Nous en venons à présent aux travaux qui transforment les fils séparés en une étoffe unifié. En règle générale, le tissu est fait de fils de chaîne (chéti) et de trame (‘erev). Les fils de chaîne sont l’assise du vêtement, ce sont les fils de base qui s’étendent en longueur. Les fils de trame sont ceux qui passent de façon alternée entre les fils de chaîne ; ils sont appelés erev parce qu’ils se mêlent (mitarvim) au sein des fils de chaîne. Autrefois, on utilisait des métiers à tisser manuels, par lesquels on transformait les fils séparés en tissus. Plusieurs mélakhot étaient pour cela nécessaires : 6) ourdir (messekh) : c’est le fait de tendre les fils de chaîne ; 7) « faire deux lices » (‘ossé chené baté-nirim) dans le cadre d’un métier à tisser : pour introduire les fils de trame entre les fils de chaîne, il faut préparer le métier à tisser, dont la partie essentielle est constituée de cadres ou harnais (nir, plur. nirim), dans lesquels on maintient les fils de chaîne ; on hisse alternativement les fils pairs et les fils impairs afin que l’on puisse faire passer, entre les fils de chaîne, les fils de trame. Or celui qui fait deux lices (baté-nirim) pour y maintenir des fils de chaîne enfreint cet interdit (Tossephot Rid, Chabbat 73a). D’autres expliquent que c’est celui qui introduit deux fils de chaîne dans les lices du métier à tisser qui enfreint cet interdit (Rachi ad loc.) ; 8) tisser deux fils (oreg chené ‘houtim) : c’est introduire des fils de trame à l’intérieur de la chaîne, et ainsi commencer effectivement le tissage ; 9) ôter deux fils (potséa’ chené ‘houtim) : quand un défaut ou une déchirure apparaît dans un tissu, il arrive que la réparation du tissu se fasse en en retirant des fils ; c’est la mélakha appelée potséa’, littéralement « briser ».

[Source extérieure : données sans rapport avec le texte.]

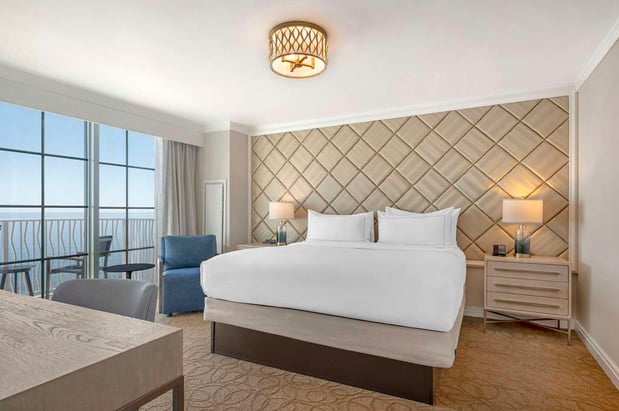 Images Hilton Virginia Beach Oceanfront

Au titre de la mélakha consistant à ôter deux fils (potséa’), on inclut également l’interdit de découdre le bord d’un vêtement ou d’un bandage fait d’une chaîne et d’une trame. Au titre des travaux du tissage, il est également interdit de fabriquer une corbeille, un tamis, un crible, ou de tresser la toile d’un hamac, car tous ces actes se font avec des fils, des cordes ou de l’osier que l’on croise sous forme de chaîne et de trame (Maïmonide 9, 16).

De nos jours, le travail du tissage se fait avec des machines plus perfectionnées, qui exécutent en même temps tous les travaux, si bien que celui qui met en mouvement une telle machine le Chabbat enfreint en même temps tous les interdits portant sur ces mélakhot.

D’autres mélakhot se rapportent aux finitions du vêtement ; il s’agit de : 10) nouer (qocher) ; 11) dénouer (matir, cf. § 13-15), 12) coudre deux points (tofer cheté tefirot) ; 13) déchirer pour recoudre deux points (qoréa’ ‘al menat litfor cheté tefirot, cf. § 10-12).

Les mélakhot relatives au travail de la peau animale sont liées, elles aussi, à la fabrication des vêtements. En effet, en plus de faire de ces peaux du parchemin pour écrire, on en fait des habits et des chaussures. Il s’agit de : chasser (tsad), égorger (cho’het, cf. chap. 20 § 6-9), dépecer (mafchit), tanner (me’abed), racler (mema’heq), tracer des traits (messartet, cf. chap. 18 § 6), découper (me’hatekh, cf. chap. 15 § 10).